Corbières L’Entêté – Jeff Carrel – 2011 – Averys of Bristol- £12.99

The Languedoc in the south of France is an area which constantly challenges and surprises, whether it’s the varied landscape, the people, the history, the food or in fact the wines. There is always something interesting to do, see or to taste.

Jeff Carrel is one of the characters of the Languedoc, originally from Paris, but now firmly at home in the south, he has broken the mould – reinventing some of the old Classics and pioneering a new style of southern wine… Did I mention he was a Parisian?

Jeff has gained the reputation of being somewhat eclectic, whilst true in the sense of the word I would go so far as to suggest that he is reflective of the new generation of winemaker to be found in Languedoc. Now responsible for a large range of wines including forgotten gems like Fitou and Cotes du Roussillon, even managing to put his unique spin on the un-fashionable Chardonnay, Carrell wines are like no other and can on occasion surprise and polarize.

Corbières is the largest of the AOC appellations in the South west, consisting of 11 separate Terroirs. Lezignan-Corbières produces this particular cuvee, and whilst there are 19 permitted grape varieties which can be used under the appellation, there are lead grape varieties expected in both red and white wines produced here. For red wines, a minimum of two grape varieties must be grown. Grenache, Lledoner Pelut, Mourvèdre and Syrah (the main grape varieties with the exception of Carignan) must together make up at least 50 per cent of the vineyard plantings. In this case there are low yielding Syrah vines and old vine Carignan, all handpicked and blended skilfully to produce this wine.

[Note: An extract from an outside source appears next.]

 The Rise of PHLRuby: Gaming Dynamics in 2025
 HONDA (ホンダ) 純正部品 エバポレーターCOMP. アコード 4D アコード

L’Entêté translates as Stubborn, which in fact is quite an interesting description of this wine. To the eye this wine is deep red in colour, on the nose there is dark fruits and spice, you can really smell the arid warmth of the terroir. This wine generates a real sense of place, unmistakably complex. On the palate it’s big, uncompromising and dare I say it stubborn. There is an unmistakable core of dark fruit and cherry, overlaid with spice and garrigue notes. The finish is long and rich, with a wonderful lick of cassis, yet the level of acidity is enough to give an almost refreshing finish. Pairing with big flavours this wine is a match for red meats, strong cheese and sings with Toulouse Sausage.

Certainly, this wine will divide, yet it will also provide tangible proof of the ability of the winemaker to reinvent a forgotten style, I for one have nothing but praise for Jeff Carrell’s wines, and like the area they come from, I am constantly surprised by what can be achieved with a stubborn belief in re-interpretation of what was past forgotten, wine should have a sense of place and Terroir, there is no doubt this wine delivers that…Bon Weekend!